Berlino. I primi ammiccamenti c’erano stati già nel 2024. A gennaio di quell’anno Sahra Wagenknecht, formalizzò la sua uscita (molto annunciata) dalla Linke, il partito social-comunista tedesco storicamente forte nei Länder orientali, per fondare un partito a propria immagine e somiglianza. Nacque così l’Alleanza Sahra Wagenknecht-Ragione e Giustizia o più semplicemente il Bsw. Socialista ma nazionalista, poco incline ad accogliere profughi e stranieri – “Prima i tedeschi (poveri)” – filorussa e novax, Frau Wagenknecht aveva subito suscitato la curiosità dell’AfD che si vedeva all’improvviso insidiata da sinistra. Per un paio di anni l’ex capogruppo della Linke al Bundestag ha resistito alle sirene sovraniste, procedendo per la propria strada: alle europee di giugno 2024 il neonato partito rossobruno prese il 6,4 per cento e sei eurodeputati, considerati, però, troppo di destra per essere ammessi al gruppo The Left a Strasburgo. A settembre 2024 il botto: il Bsw è il terzo partito in Sassonia, Turingia e in Brandeburgo con risultati a due cifre. Il partito manca invece per un soffio l’ingresso al Bundestag a febbraio 2025, restando appena al di sotto della soglia di sbarramento del 5 per cento.
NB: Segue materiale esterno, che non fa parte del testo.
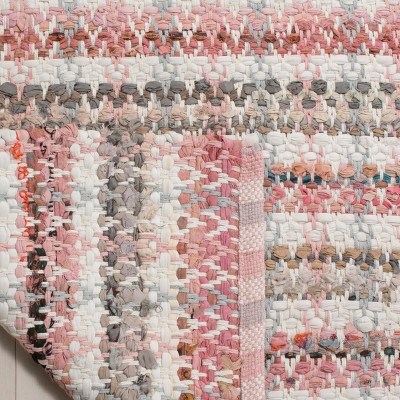 Coastal Charm Hand-Woven Cotton & Wool Multicolor Accent Rug - 30" Square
Oggi però è di nuovo tempo di elezioni all’est con il voto a settembre prima in Sassonia-Anhalt e poi a Berlino e in Meclemburgo, e la pasionaria della sinistra tedesca torna a far parlare di sé, oscillando verso destra. Da un comizio a Dessau, in Anhalt, Frau Wagenknecht ha definito il cordone sanitario steso attorno all’AfD “un’idiozia”. Perché al paese serve “un nuovo inizio” e “nessuno vuole un altro premier regionale della Cdu”. Il Bsw non esclude di appoggiare l’AfD a Magdeburgo. Un’ipotesi di scuola visto che, sondaggi alla mano, con il 4 per cento oggi non supererebbe la soglia di sbarramento neppure al Parlamento regionale. Le sue parole sono però bastate a mandare il partito in subbuglio: “Sahra Wagenknecht ha superato un limite”, ha dichiarato da Erfurt la vicepremier della Turingia, Katja Wolf. Leader regionale del Bsw, ossia dell’alleanza che porta proprio le iniziali di Sahra Wagenknecht, Wolf le ha ricordato che l’AfD è un partito “altamente pericoloso”, che “non fa politica per la gente comune” e agisce in modo “razzista e misogino”. Non è certo a caso che proprio a Erfurt il Bsw abbia acconsentito a dicembre del 2024 a entrare in coalizione con cristiano democratici e socialdemocratici (dando vita alla prima alleanza “mora” nera-rosso-viola di Germania): l’idea era quella di lasciare l’AfD alla porta. Un progetto che un anno e mezzo dopo Wagenknecht getta alle ortiche, non escludendo, questa la vera novità, che il candidato di punta della destra estrema, Ulrich Siegmund, possa diventare premier regionale alla terza votazione, quando in aula a Magdeburgo basterà la maggioranza semplice per arrivare al potere. La massima leader del Bsw dice in sostanza “no” all’ammucchiata degli altri partiti ipotizzata sui giornali per bloccare una volta ancora la destra estrema.
La sua apertura all’AfD contiene, in linea teorica, dei semi di democrazia: come già segnalato dall’ex vicecancelliere socialdemocratico Sigmar Gabriel, limitarsi a suonare l’allarme antinazista non può essere l’unica soluzione per affrontare la crescita di un partito che ha il 40 per cento all’est e quasi il 30 su scala nazionale. Sahra Wagenknecht, però, non ne fa una questione di principio: il punto è che il Bsw e l’AfD si assomigliano tanto.